There is one core allegation at the center of the decades-long court fight by Indigenous Ecuadorians for environmental justice: That to save money, Texaco (later acquired by Chevron) deliberately dumped more than 18 billion gallons of toxic waste into hundreds of uncovered, unlined pits that now dot over a million acres.
Texaco has admitted to dumping 15.8 billion gallons.
Better technology might have prevented some of the subsequent environmental contamination from those pits, but Texaco chose not to use it.
Oil in its natural state is trapped underground and surrounded by water. During extraction, the water — referred to as production, waste, or formation water — rises to the surface with the oil. This waste water is salty and often mixed with oil, naturally occurring radioactive material, and other chemicals. It’s highly toxic, and must be handled and disposed of with caution.

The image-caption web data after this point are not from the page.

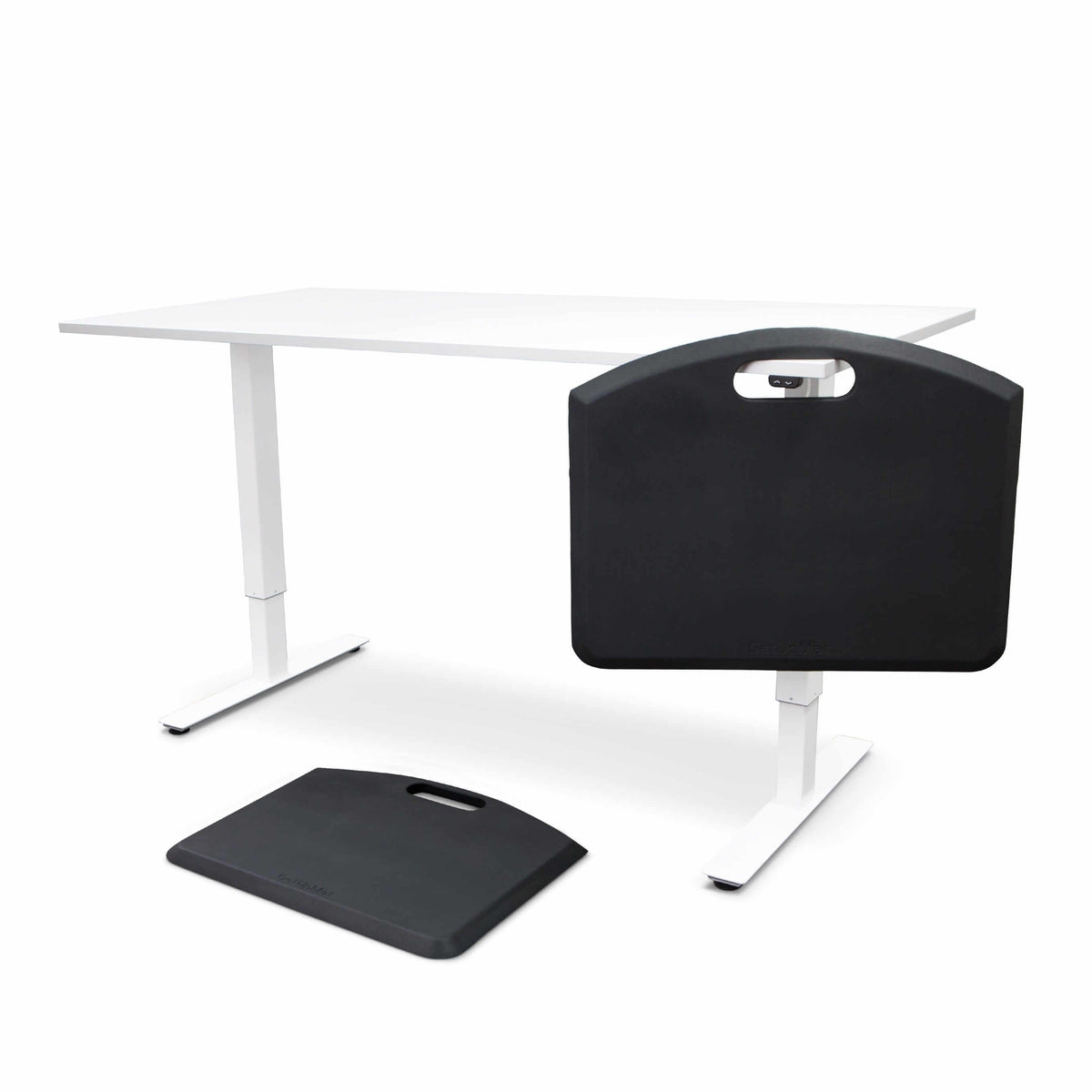 GetUpMat workstation mat with carrying handle in grey, positioned next to a white desk, ergonomic design for standing comfort.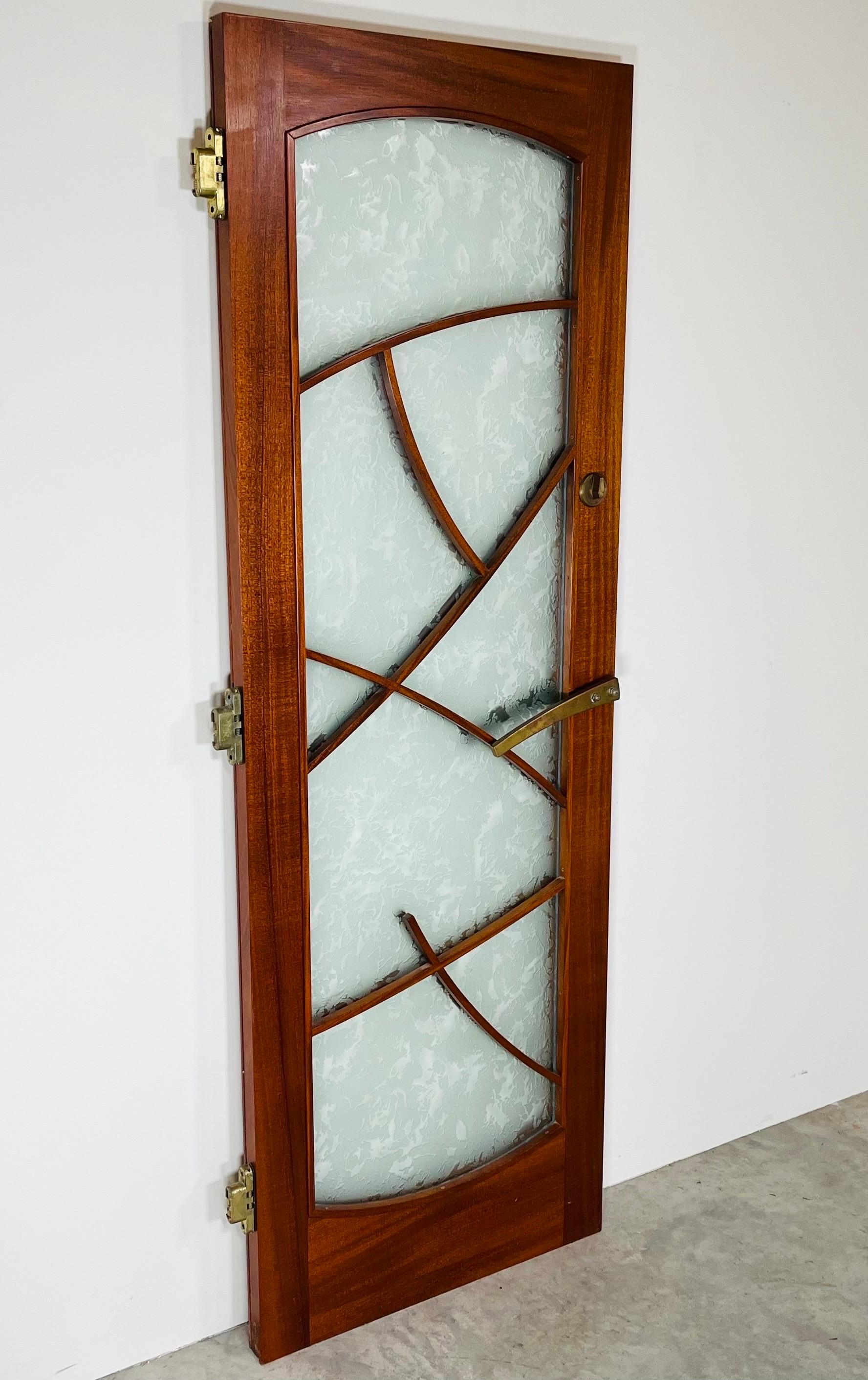 A beautiful custom outer door having West African albizia solid wood frame with double panel frost effect glass panels, solid bronze lever pull on both sides and SOSS concealed invisible hinges in the manner of Wharton Esherick. 
 Extremely well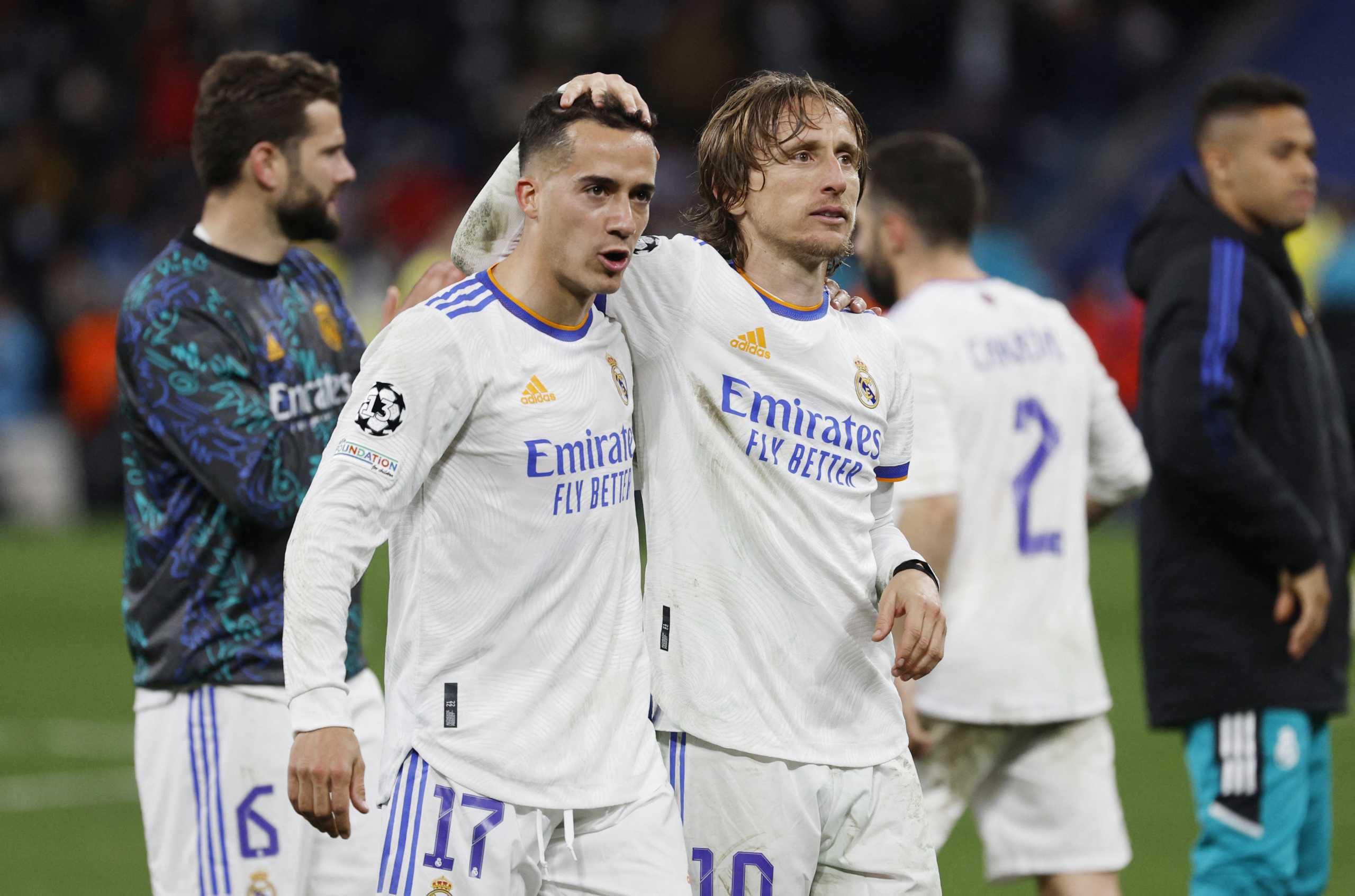 Soccer Football - Champions League - Quarter Final - Second Leg - Real Madrid v Chelsea - Santiago Bernabeu, Madrid, Spain - April 12, 2022 Real Madrid's Lucas Vazquez and Luka Modric celebrate after the match REUTERS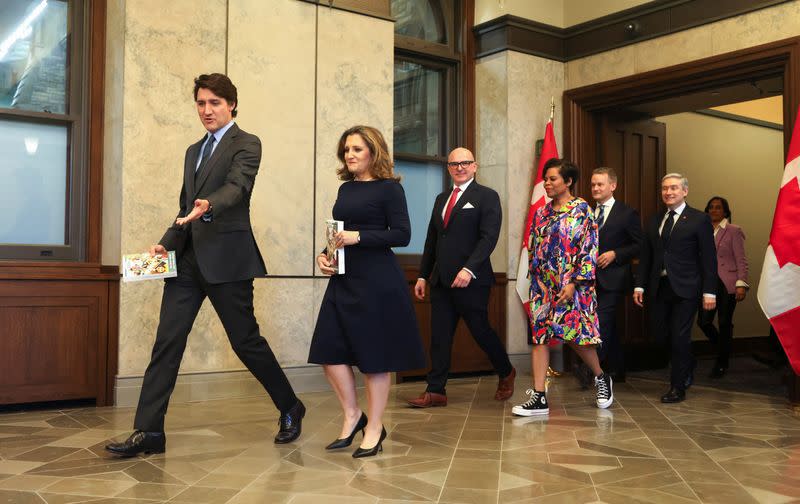 Canada's Prime Minister Justin Trudeau and Finance Minister Chrystia Freeland pose for a picture holding the 2024-25 budget in Ottawa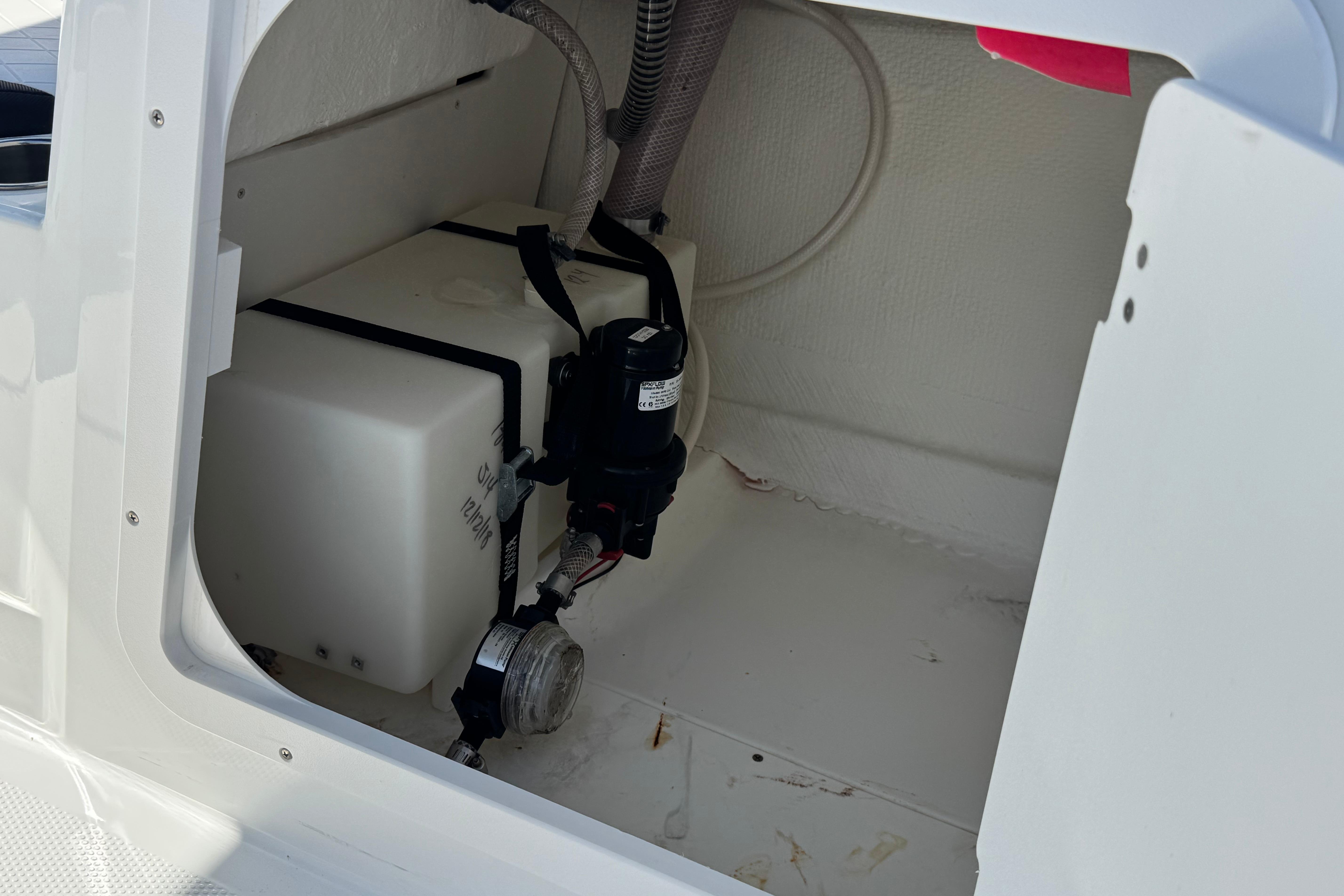 Storage compartment of a 2019 Tahoe 2150 boat, featuring a secured water tank and pump system.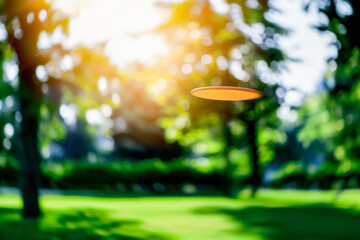 Frisbee golf disc flying in the air. Ultimate or discgolf throw. Course in park or forest in summer. Sport and frolf equipment. Outdoor professional game or hobby. Tournament in nature.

In the U.S., stretching back decades to the 1970s, regulators require that drilling waste water be re-injected into the ground, where it is less likely to harm people or the environment. Texacos’s 1960s-era drilling predates that requirement, but at a minimum, as Tim Lagonegro, a geologist who spent more than 30 years consulting for oil companies, put it: “They had tarps back then, too.”
But in Ecuador, where there were no regulators making similar demands, Texaco saved billions by dumping its oily waste into unlined pits and leaving it there. The company dug these pits wherever it was most convenient. Sometimes those sites were next to homes, adjacent to drinking water wells, and uphill from rivers and streams local residents relied on for bathing and fishing.
Judith Kimerling, a former New York assistant attorney general who helped prosecute Occidental in the 1970s for its contamination of Love Canal, says what happened in Ecuador is appalling.